The potential for recovering shale gas by fracking in the UK may have been overhyped, because the geological history of the region has been overlooked, Prof John Underhill, chief scientist at Heriot Watt's Institute of Petroleum Engineering has warned.
Plate tectonics and the effects of volcanism millions of years ago may have deformed the rocks in which hydrocarbon deposits form, prevent their formation in the first place or making them uneconomical to recover. This would mean that the debate over the environmental effects of fracking is a sideshow, said Underhill: “Both sides of the hydraulic fracturing debate assume that the geology is a ‘slam dunk’ and it will work if exploration drilling goes ahead. The inherent complexity of the sedimentary basins has not been fully appreciated or articulated and, as a result, the opportunity has been overhyped.
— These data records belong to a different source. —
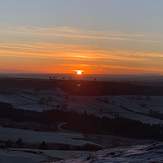 Sunrise, Roseberry Topping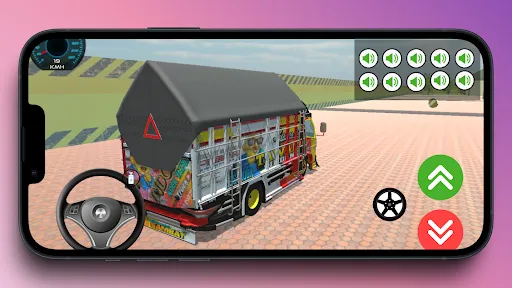 Truck Oleng Bassuri Simulator | Permainan | XWorld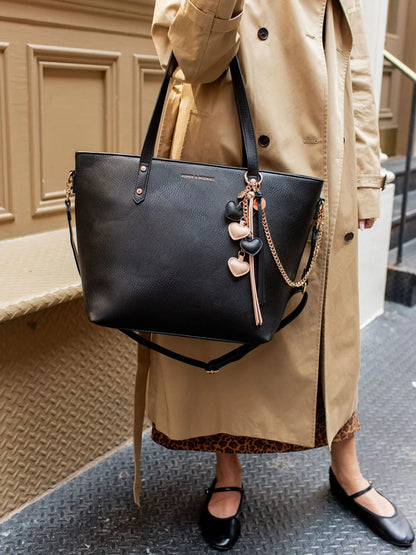 GO-GETTER TOTE black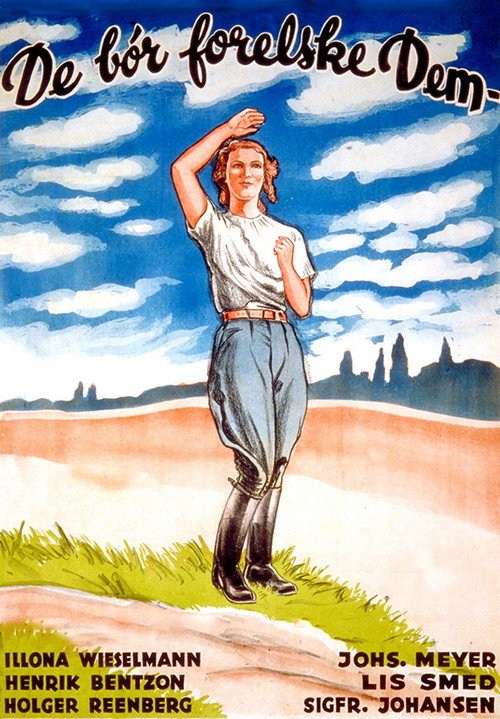 Póster de De bør forelske Dem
In the US and Eastern Europe, where shale gas is plentiful, deposits formed in the middle of continental plates. But this is not true of the UK, which is at the edge of a continental plate and its geology is, therefore, vulnerable to deformation by the effects of plate tectonics. The crucial event in this case, according to Prof Underhill, was the formation of the Atlantic Ocean 55 million years ago, accompanied by an upward surge of molten magma under Iceland. This surge tilted the rocks that now make up the UK and pushed the sedimentary basins where material had collected that would be turned into natural gas by the heat and pressure of overlying rocks against the stable geology of continental Europe.
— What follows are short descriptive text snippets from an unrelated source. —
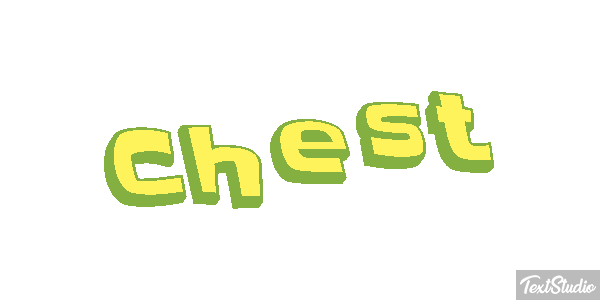 Chest テキスト効果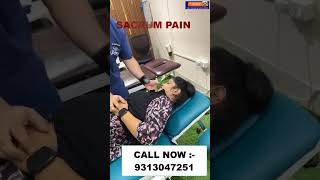 SACRUM PAIN  Chiropractic Treatment  Dr Varun  Call  9313047251  mumbai backpainrelief [upl. by Drescher75]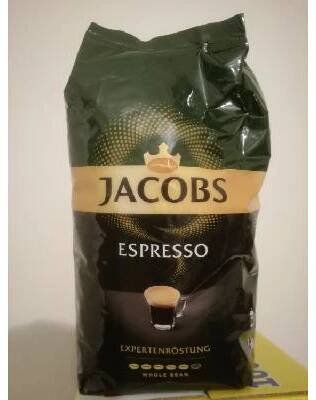 Jacobs espresso zrnková káva 1 kg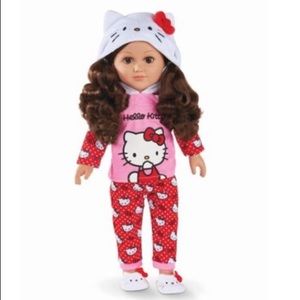 My Life Hello Kitty Doll, Brown Hair NIB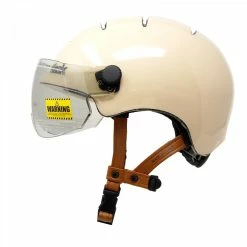 Casque Kask Urban Lifestyle (x14 Couleurs) 21 Casque Kask Urban Lifestyle (x14 Couleurs) -Promos Vélo Magasin casque velo kask urban lifestyle champagne blanc creme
This would have two effects, Prof Underhill said. First, the sedimentary material would have been lifted up to a level where they would no longer generate petroleum. Second, the geological processes pressing the basins against the continental geology would have folded and fractured the shales where deposits may have already formed into compartments and faults along which gas may have escaped.
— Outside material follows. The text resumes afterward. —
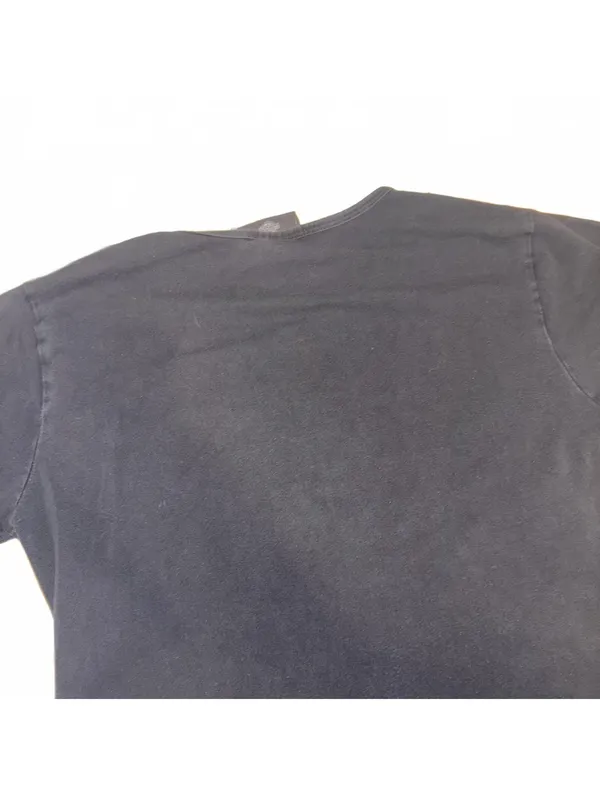 Harley-Davidson Museum Woman’s XL Rhinestone Motorcycle Logo Black T-Shirt - Image 4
“There is a need to factor this considerable and fundamental geological uncertainty into the economic equation," he said. "It would be extremely unwise to rely on shale gas to ride to the rescue of the UK's gas needs only to discover that we’re 55 million years too late.”
Three potential fracking sites, the Weald Basin in south-east England, the Bowland Shale in Lancashire and the West Lothian Oil Shale in Scotland are all known to have undergone geological deformation since their formation, Prof Underhill noted, leading to complex structures in their rocks and uncertainty as to whether they would yield economic amounts of gas.
The technical director of fracking firm Caudrilla, Mark Lappin, told the BBC that the company wants to undertake drilling tests to better understand the nature of shale deposits under the UK. The British Geological Survey (BGS) estimated that there were large potential gas reserves but has not done research that would confirm Prof Underhill’s suspicions. “It's the purpose of our current drilling operations to better understand the reserve, reduce speculation from all sides and decide if and how to develop it,” Lappin told the BBC News website. "I expect Professor Underhill would be supportive of the effort to understand the resource including geological variation."